Today I made my first visit to the Fashion & Textiles museum in Southwark, South London. This exhibition was a glittering, beautiful collection of haute couture and ready-to-wear fashion from 1919-1929. The 1920s Jazz Age was an era when millions of young people were testing the boundaries of personal freedom, and it became a haven for social and cultural experimentation. After WWI, America had prospered economically, more people lived in cities than in the country. Women in particular, had a new-found freedom entering the workforce, thus introducing a new sense in dressing!
These were the first few gowns seen in the small cinema room, where short silent films were playing too. This glass cabinet displayed some of the most sparkling garments I had ever seen, and it was all because of the overlapping sequins that reflects surrounding lights and colours. Sequins went from being made out of metals to celluloid, a transparent flammable plastic made in sheets, usually used in cinematic films.
These gowns were truly alluring in their shimmering fabrics, and simply photographing them is not the same as seeing the shimmer firsthand. It is so attractive which is why sparkling fabrics such as Lamé were highly favoured in monochromatic films, as they produced a strong visual effect that leapt off the screens.
Pyjamas and Dressing Gown 1922-24
This was one of my favourite pieces from the exhibition. They are silk pyjamas watermarked in a Chinese-style with stylised oriental floral motif. The dressing gown is in a kimono-style with a knotted fringe that beautifully transitions into orange at the ends. The garment seems incredibly comfortable in the smoothness and slippery silk, and the design is picturesque and relaxing almost. The evening is a time for rest and loosening, and women in the 1920s managed to portray this remarkably through dress.
I wished that the exhibition would display more memoirs of people from the era. Jean Rennie’s account of tidying up after her mistress created such a witty and modern account of an evening in 1920s:
“It didn’t seem possible that one woman could make such a mess when all she had to do was step out of the clothes she was wearing… Drawers were open, powder spilled, shoes, underwear all flung everywhere!”

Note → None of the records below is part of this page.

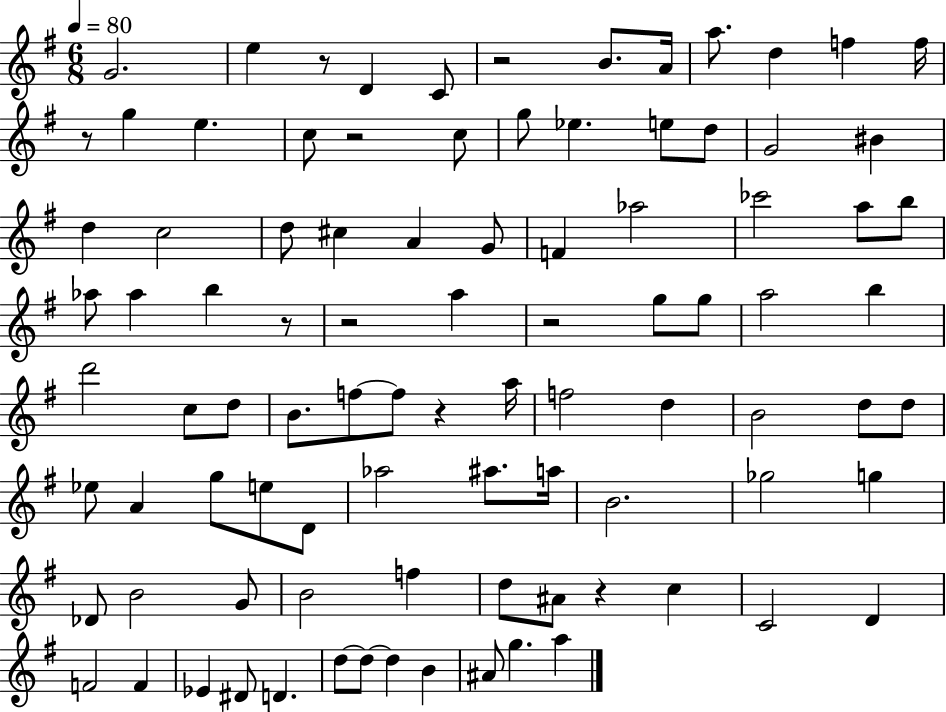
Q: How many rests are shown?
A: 9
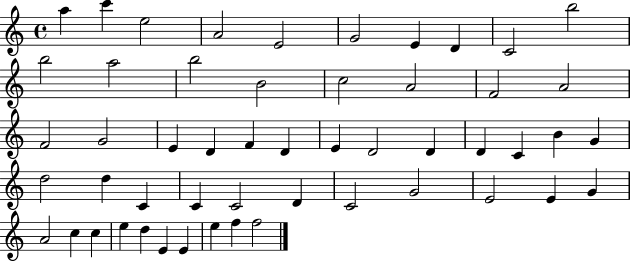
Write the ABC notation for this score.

X:1
T:Untitled
M:4/4
L:1/4
K:C
a c' e2 A2 E2 G2 E D C2 b2 b2 a2 b2 B2 c2 A2 F2 A2 F2 G2 E D F D E D2 D D C B G d2 d C C C2 D C2 G2 E2 E G A2 c c e d E E e f f2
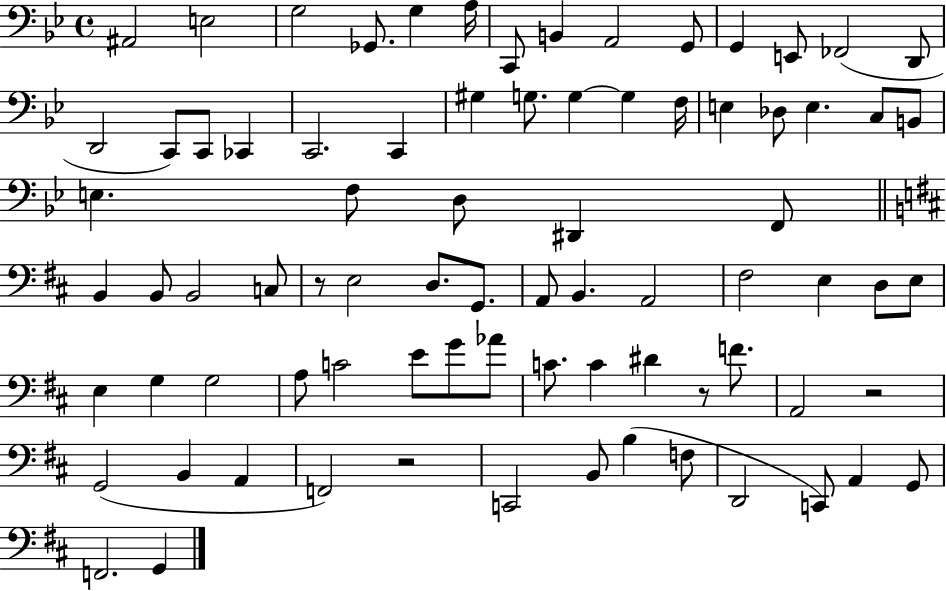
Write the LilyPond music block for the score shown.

{
  \clef bass
  \time 4/4
  \defaultTimeSignature
  \key bes \major
  \repeat volta 2 { ais,2 e2 | g2 ges,8. g4 a16 | c,8 b,4 a,2 g,8 | g,4 e,8 fes,2( d,8 | \break d,2 c,8) c,8 ces,4 | c,2. c,4 | gis4 g8. g4~~ g4 f16 | e4 des8 e4. c8 b,8 | \break e4. f8 d8 dis,4 f,8 | \bar "||" \break \key d \major b,4 b,8 b,2 c8 | r8 e2 d8. g,8. | a,8 b,4. a,2 | fis2 e4 d8 e8 | \break e4 g4 g2 | a8 c'2 e'8 g'8 aes'8 | c'8. c'4 dis'4 r8 f'8. | a,2 r2 | \break g,2( b,4 a,4 | f,2) r2 | c,2 b,8 b4( f8 | d,2 c,8) a,4 g,8 | \break f,2. g,4 | } \bar "|."
}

I thought the biggest change in 1920s was the transformation in silhouettes. There was a straighter, less exaggerated shape and hemlines rose as the ankle was no longer perceived as scandalous. The corset was banished, and emphasis on the waist was not completely gone, but it wasn’t the focal point of modern fashion. Lingerie was designed to flatten or smooth the bust, and the look was to be gamine than boyish. The desired shape for women was now tall, thin and tubular. I love that at this point, women began to let fashion liberate them, as it was no longer the decade of a confining domestic life.
Embroidery Technique: Tambour
This type of stitch involves a very slim, sharp hook, which is punched through a tightly stretched fabric to catch a fine thread from beneath and it is drawn up to create a linked, chain like stitch. The design is delicate, feminine and very young.

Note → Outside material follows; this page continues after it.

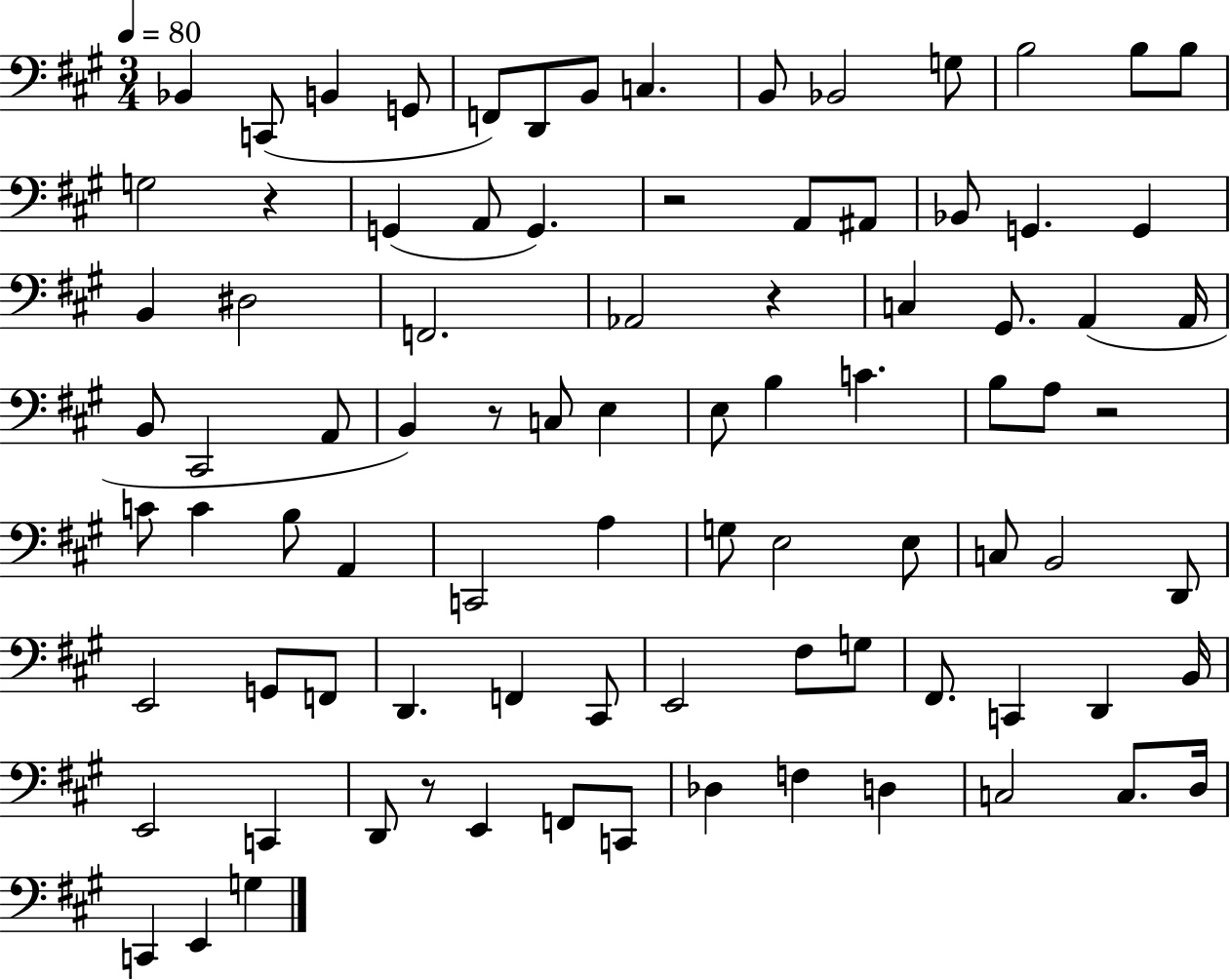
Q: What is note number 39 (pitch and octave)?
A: B3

From 1925, this dress was constructed with fillet lace which is the general name used for a variety of embroidery techniques on knotted net lace made of square or diagonal meshes. It requires using a long, blunt needle. Again, the result is absolutely stunning and very girly, youthful and spirited almost, yet so delicate just like a pattern cut from paper.
This dress is made from velvet, and I was instantly attracted to the beaded detail, as the swirls are so perfectly embroidered, and they recall the illustrations of Erté. Erté was a Russian -born French artist who excelled in jewellery, graphic design, costume, set and interior decoration.
Made of cotton and beads, this brilliant dazzling gown was once a pale pink, and such an expensive dress would usually be worn by flappers in parties that could “last for days”. They were mostly handmade in Paris, and as the dancer wore it, the silver bugle beads would be shining in the darkest of evenings.
For me, this was one of the best exhibits I have ever been to because it felt like entering a sort of “dream”, a vision covered in glitter and this is exactly what the 1920s was for women. When the Depression hit and changed everything with women’s fashions too, the great lengths for freedom for women lasted and a new way of life broke through. It was such a powerful period in altering the dress sense forever, and I find this admirable or even mind-blowing in how this has contributed to our styles and modern morales today, such as those about sex, birth control and other politics.